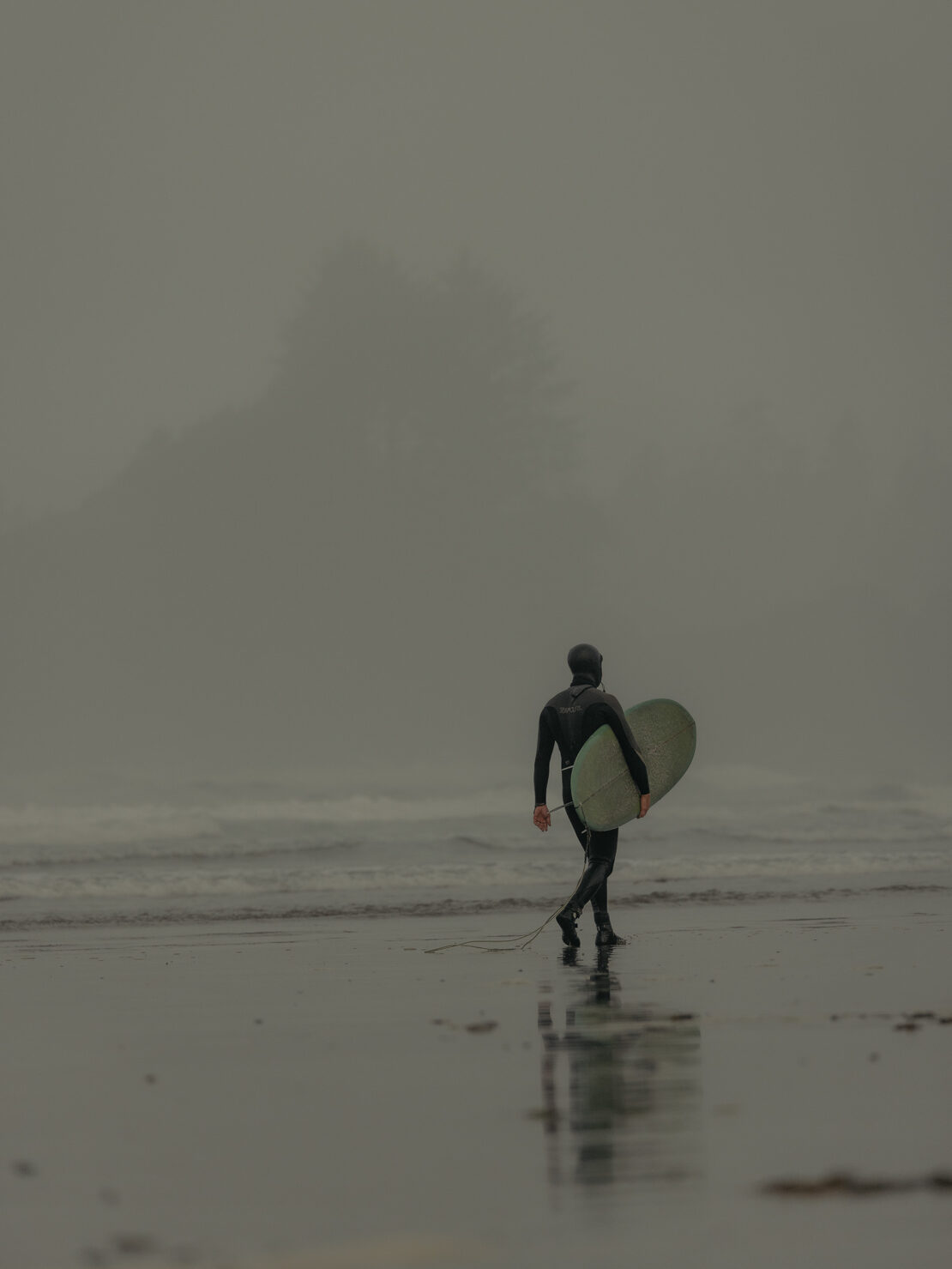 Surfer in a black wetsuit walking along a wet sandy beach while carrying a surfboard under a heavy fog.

----

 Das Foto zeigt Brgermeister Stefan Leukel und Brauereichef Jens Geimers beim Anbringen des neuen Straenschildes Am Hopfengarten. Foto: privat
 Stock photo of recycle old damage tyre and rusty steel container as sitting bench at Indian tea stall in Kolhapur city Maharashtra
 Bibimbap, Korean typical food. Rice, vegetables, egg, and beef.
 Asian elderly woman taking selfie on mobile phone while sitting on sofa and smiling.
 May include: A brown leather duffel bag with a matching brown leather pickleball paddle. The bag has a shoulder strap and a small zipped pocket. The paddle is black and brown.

----

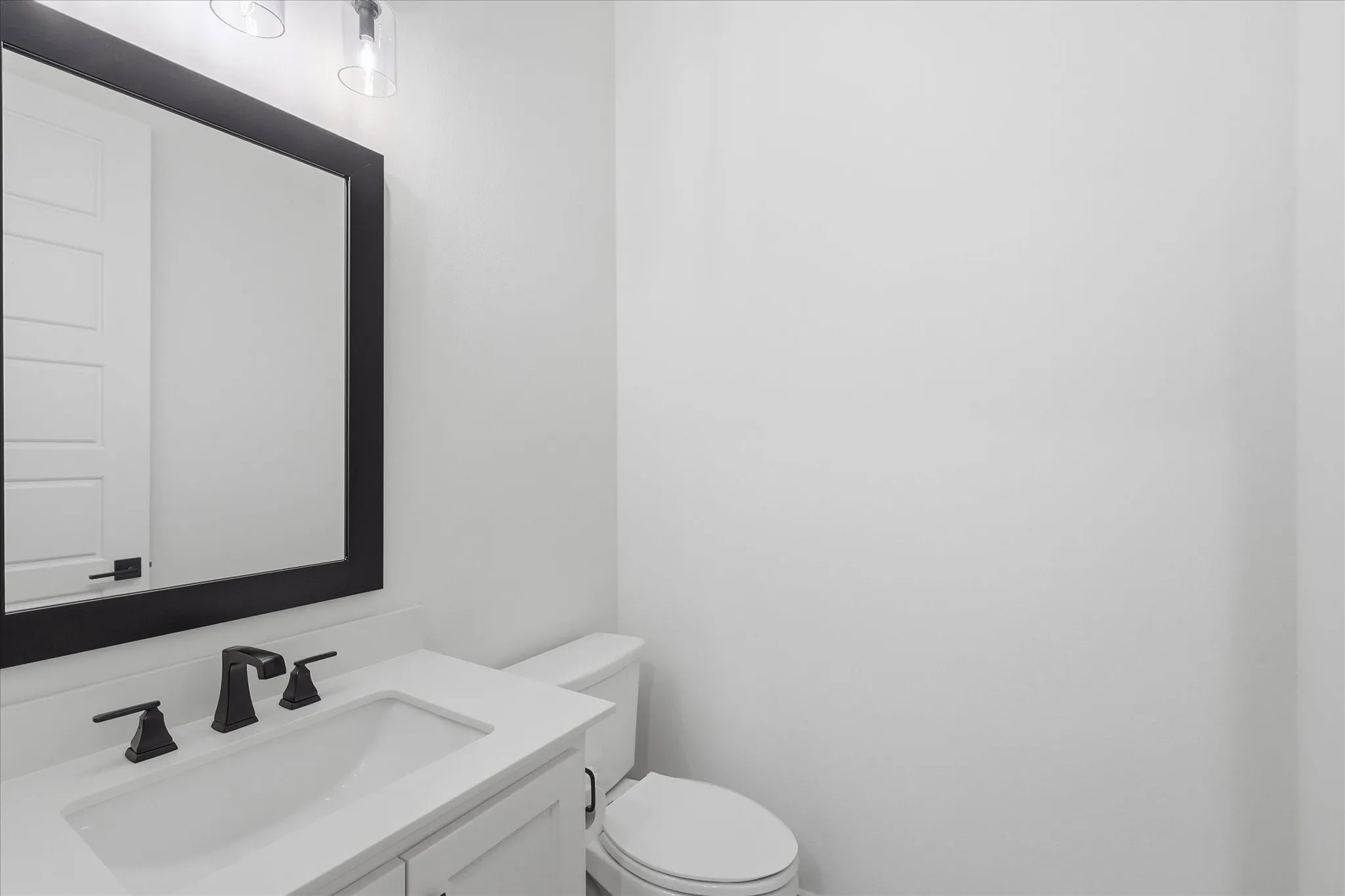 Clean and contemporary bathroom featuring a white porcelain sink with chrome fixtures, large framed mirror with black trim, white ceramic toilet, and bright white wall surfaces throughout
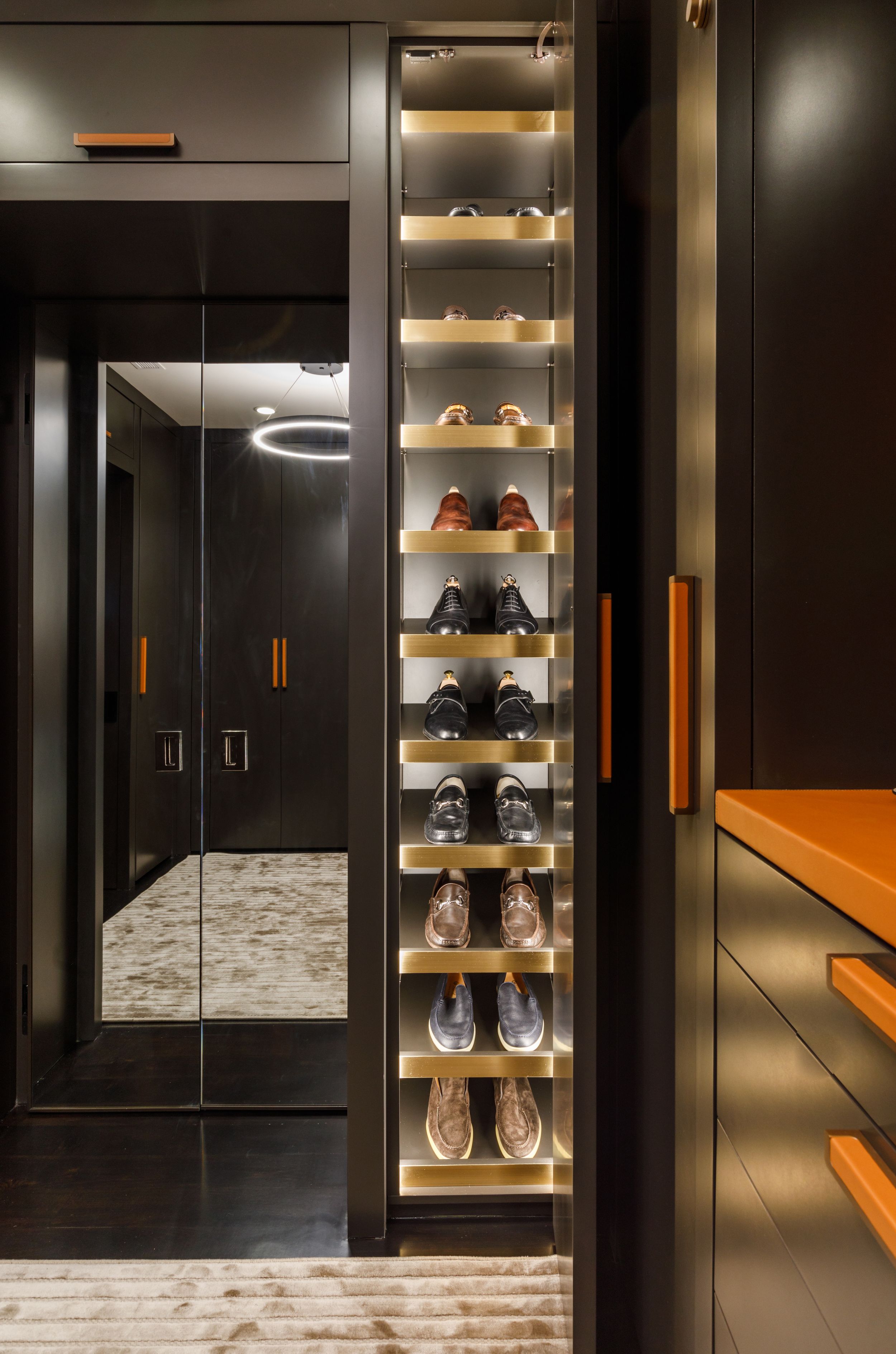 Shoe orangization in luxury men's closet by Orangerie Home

----

WHAT YOU SHOULD DO
Scan the listing above for the word "sitting" and show each line where it is found.

SOLUTION TO THIS EXERCISE
 Stock photo of recycle old damage tyre and rusty steel container as sitting bench at Indian tea stall in Kolhapur city Maharashtra
 Asian elderly woman taking selfie on mobile phone while sitting on sofa and smiling.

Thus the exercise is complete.